The focus of CrowdWorkOut is to collect workout videos from workers by enacting/implementing a script based on equipment present in an image, the detection, and annotation of which is again crowdsourced. This seemingly complex idea is broken down into 3 crowdsourcing tasks - EquiAnnot, VidGen, and VidDesc. The division of tasks is done in a way that all the tasks are comprehensive and do not depend upon each other too much.

Check out the Research Paper here!



  • A set of ideas were presented to our Professor.

  • Out of the 5 ideas presented, CrowdWorkOut was selected by the Professor considering the availability of time, resources, and related research.


  • The crowdsourcing approach we adopted is informed by various techniques used popular datasets like ILSVRC, Hollywood in Homes (Charades), PASCAL VOC, Flickr, MSCOCO etc.

  • We looked up and studied various research papers for all these datasets and more.


  • We surveyed to gather demographic information & suggestions for workout worthy objects around them.

  • We divide the entire crowdsourcing tasks into 3 microtasks - EquiAnnot, VidGen, and VidDesc.

  • EquiAnnot: focuses on obtaining images annotations and labels.

  • VidGen: focuses on obtaining scripts and video links for the workout equipment image annotated in the EquiAnnot task.

  • VidDesc: focuses on obtaining relevant descriptions and annotations for videos collected in the VidGen task.


  • We chose a mix of different platforms and techniques, and compare the accuracy of results obtained for each task on each platform.

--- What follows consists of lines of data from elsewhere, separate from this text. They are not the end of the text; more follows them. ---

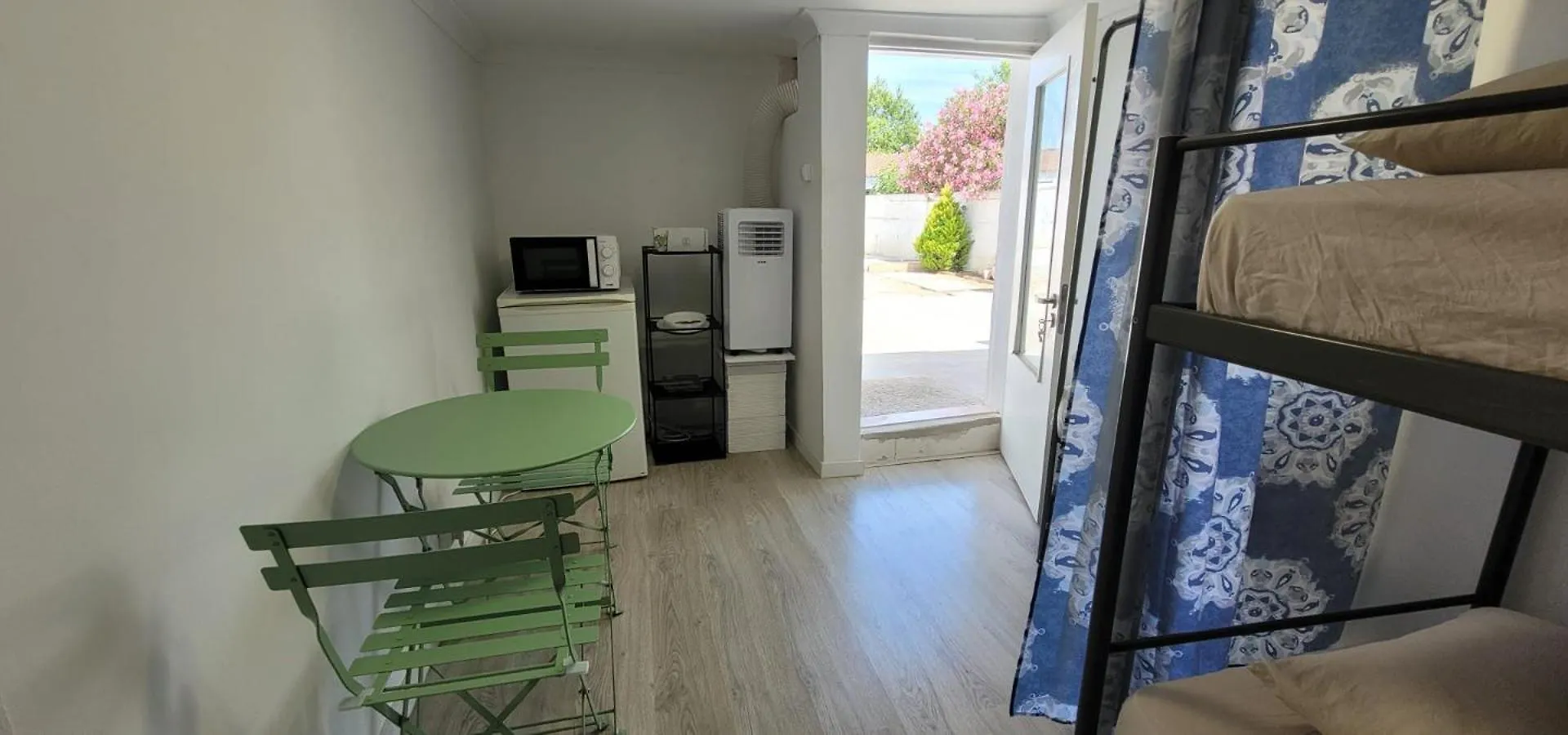 Anchor House Hostel Αλμπουφέιρα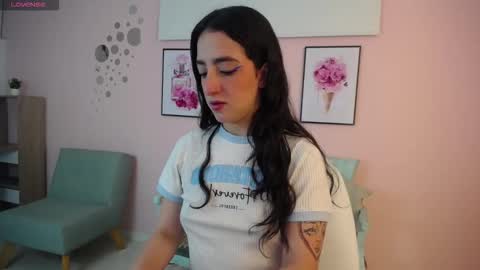 Snapshot of danna_wagner chatting on 11/20/25, 12:38 danna_wagner online show from 11/20/25, 12:38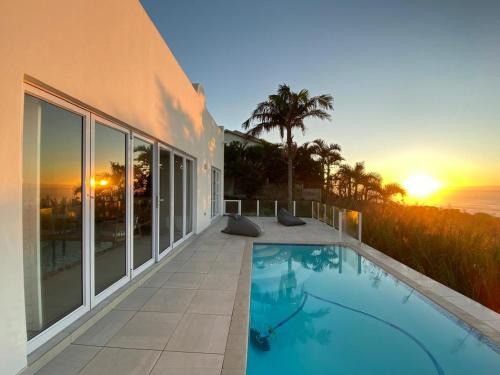 Trafalgar Villa | The Villa At Nakai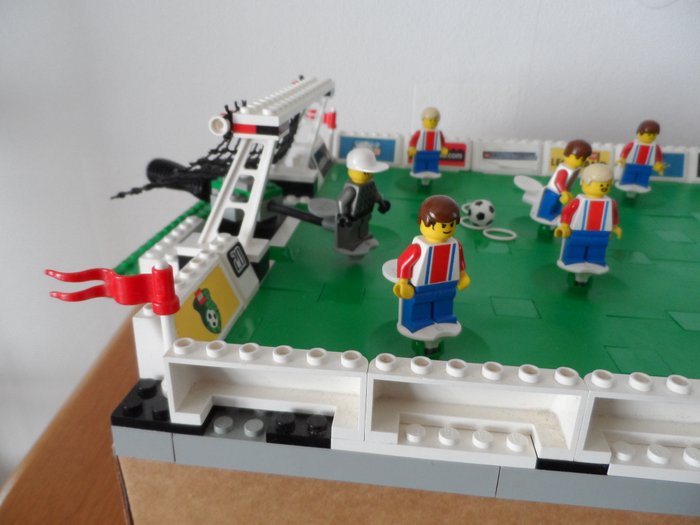 Lego - Sport - 3409 - Football pitch - Zidane - 1990-2000 - Danmark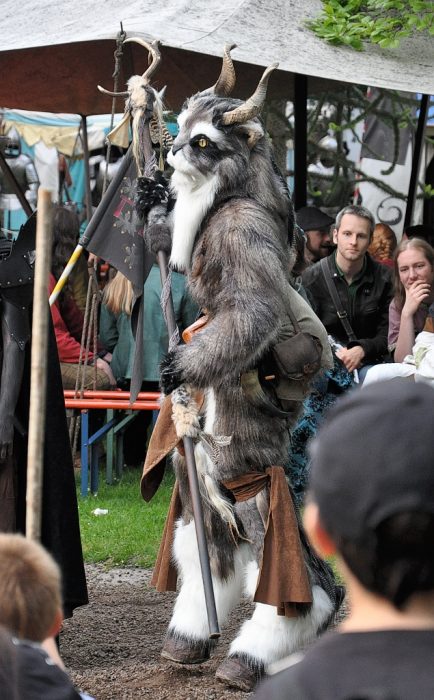 Neben viel Gewandung "von der Stange" waren unter den Besuchern auch solche in auserlesen-individuellen Kostümen - wie dieser katzenartige Dämon, der auch bei der Preisverleihung gewürdigt wurde (Foto: Martin Dühning)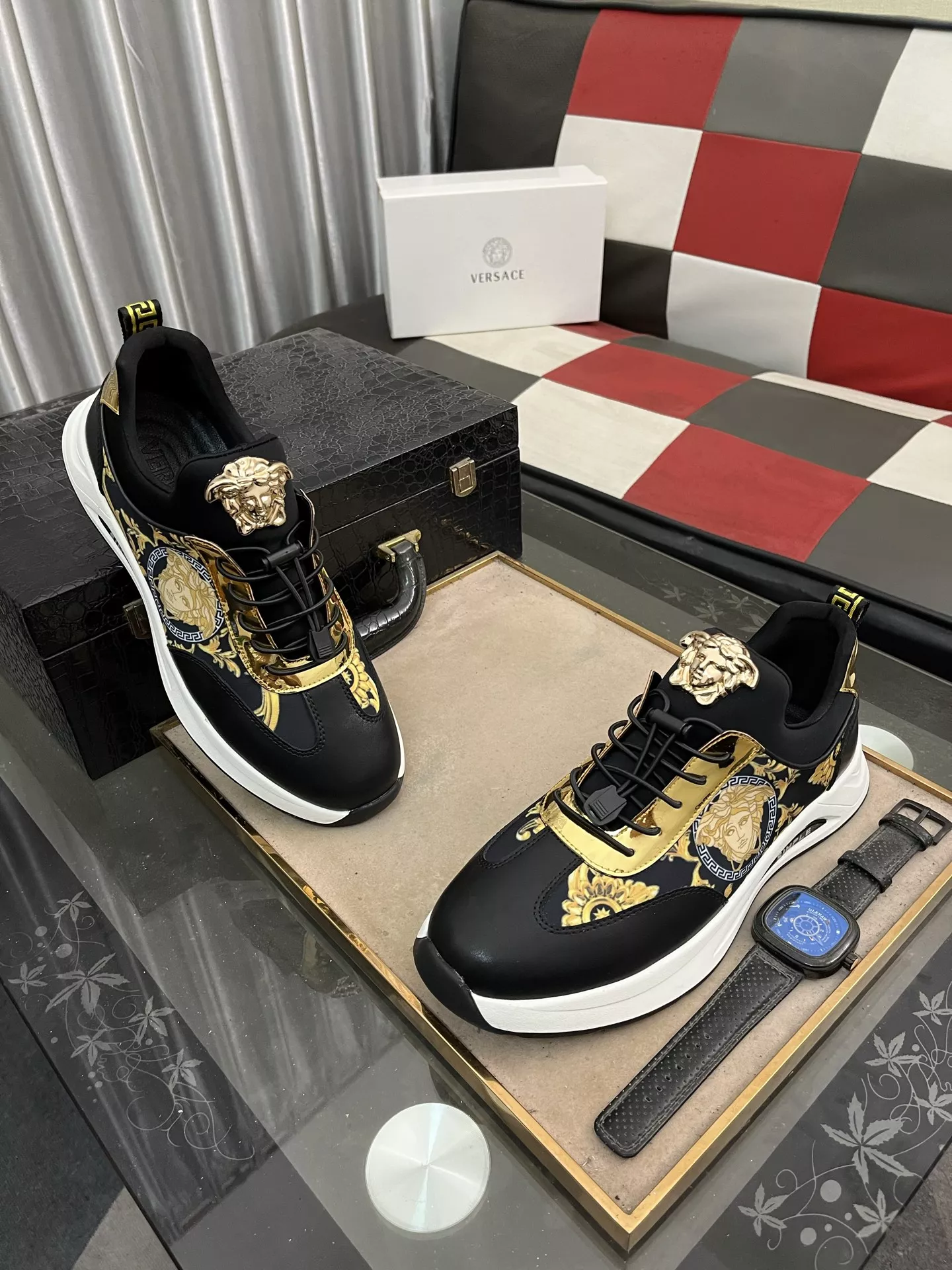 Versace Casual Shoes For Men Trendsetting 7896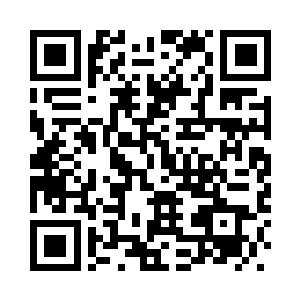 一潭碧绿的湖水如翡翠出现在眼前二维码生成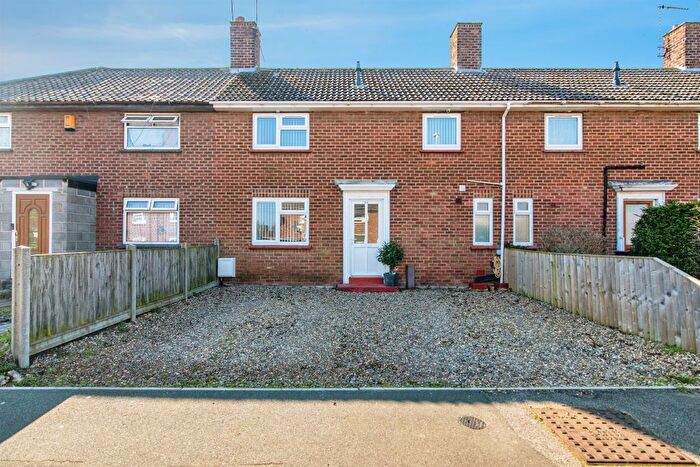 3 Bedroom Terraced House For Sale In Notley Road, Lowestoft, NR33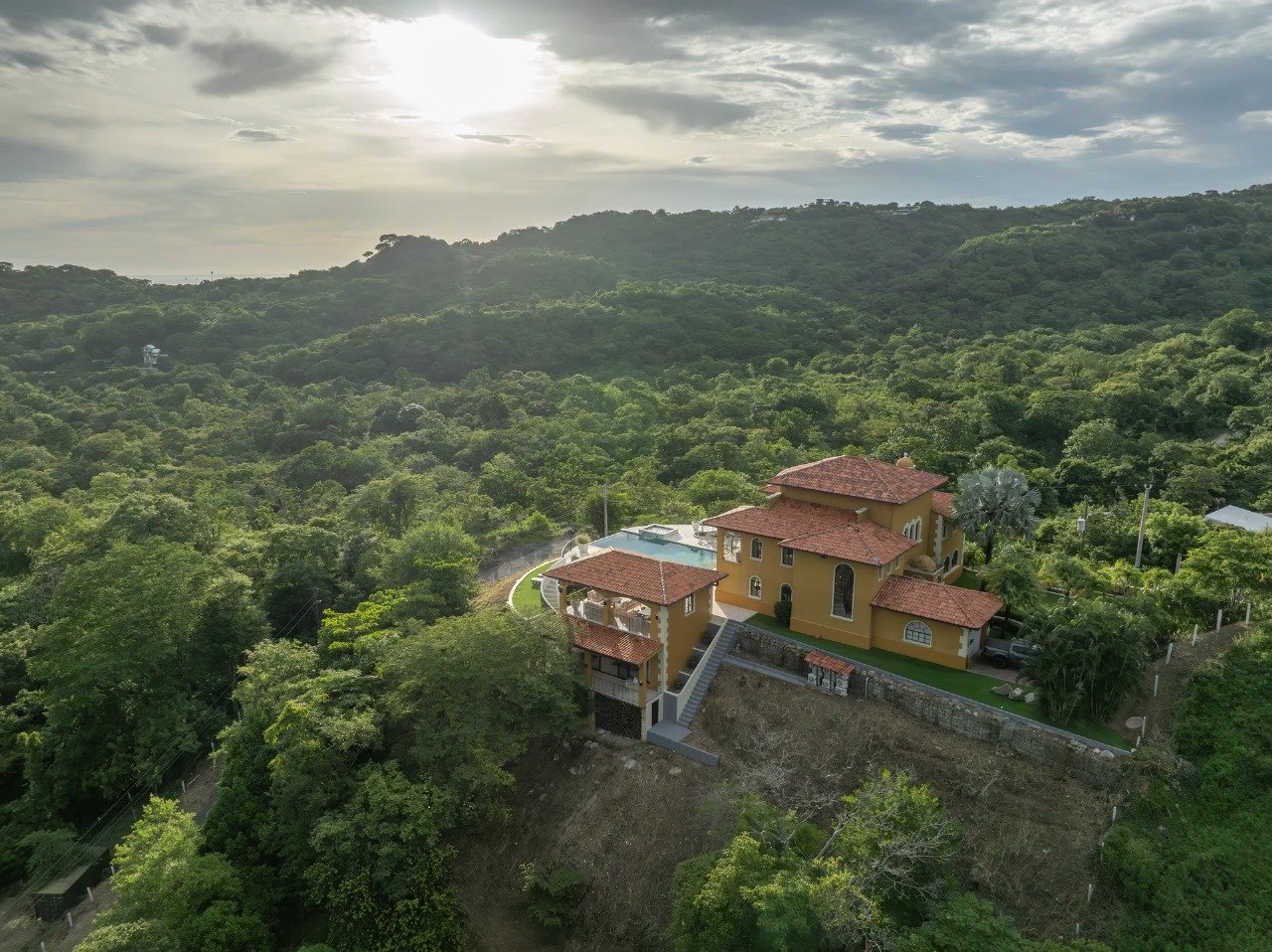Casa Loro | Luxury Oceanview Estate in Playa Potrero, Costa Rica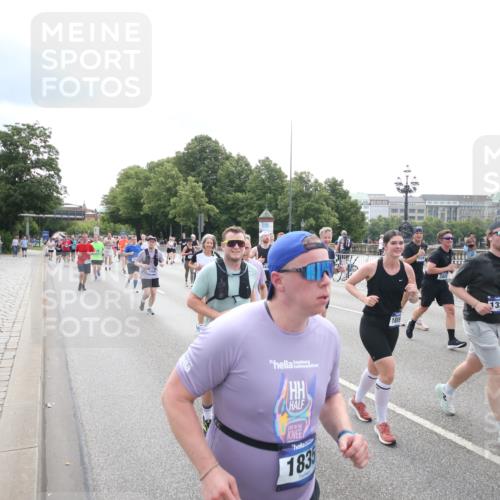 29.06.2025 - hella hamburg halbmarathon Jannik Wohlers http://msf.ph/oto/8151602 29.06.2025 10:35:55 Lombardsbrücke 1008, 1010, 1102, 1224, 1780, 1835, 3398, 3404, 3699, 3741, 4245, 4442, 4937, 5012, 5246, 5427, 5540, 5573, 5666, 5747, 5809, 5919, 6092, 6093, 6417, 6667, 6896, 7086, 7111, 7140, 7275, 7575, 7576, 7632, 8498, 8530, 8581, 9115, 9117, 9229, 9978, 10024, 10112, 10146, 10336, 10341, 10577, 10984, 11010, 11541, 11637, 12343, 12493, 12660, 12661, 13227, 13422, 13600, 13679, 14251, 14296, 15075, 15078, 15234, 15370, 15587, 15617, 15618, 15676, 15677, 15876 meine-sportfotos.de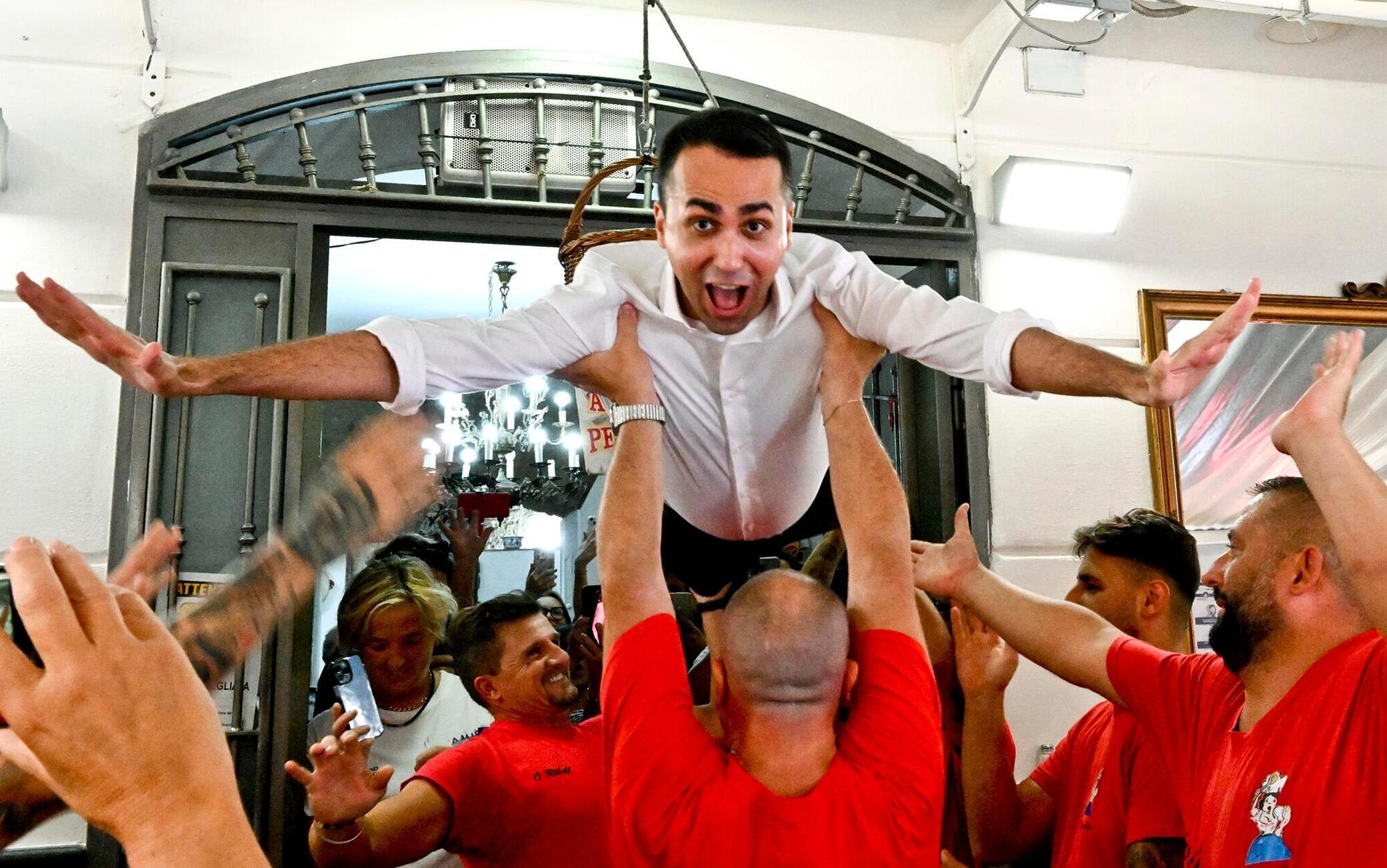 Il famigerato volo (di lì a poco fuori dal Parlamento) di Di Maio
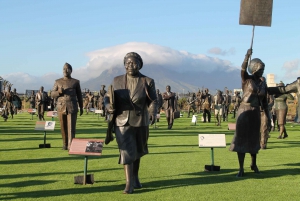 自由への長征ガイドツアー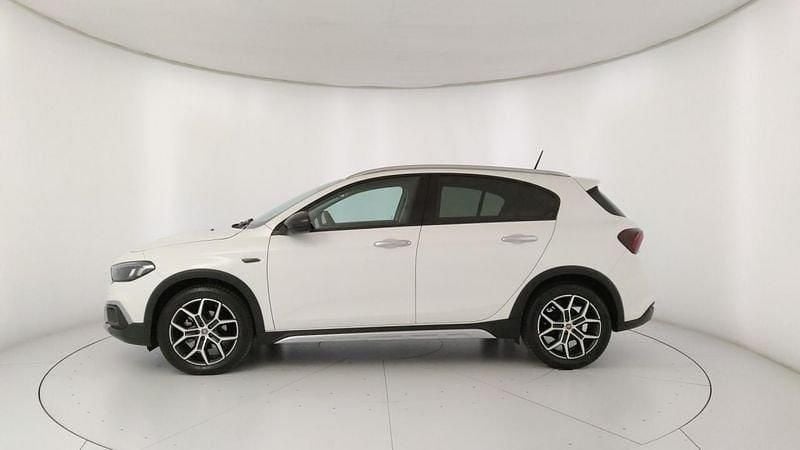 Usata Fiat Tipo Cross 99 CV (72 kW) 2022 Bianco Utilitaria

  • First, authors performed each of the three tasks independently. Second, we had a party of friends and family who performed the tasks with access to the authors' in-person help and guidance. Third, we posted the tasks on Amazon Mechanical Turk with no restrictions on worker qualifications.


  • We conducted 4 experiments in total given the limited time and resources.

  • The first experiment focuses on crowdsourcing task design and how the task division affects the performance of each task. We calculated the average accuracy rate for each task, distribution of the number of good, average and bad HITs for each task and the average time registered per task

  • The second experiment focuses on how each task design influences the preferences of  AMT workers, authors, and family & friends.

  • The focus of the last 2 experiments is on the annotations and labels obtained for images and videos in the EquiAnnot and VidDesc tasks respectively. The metric primarily used is IoU (Intersection over Union)to judge the accuracy of annotations obtained.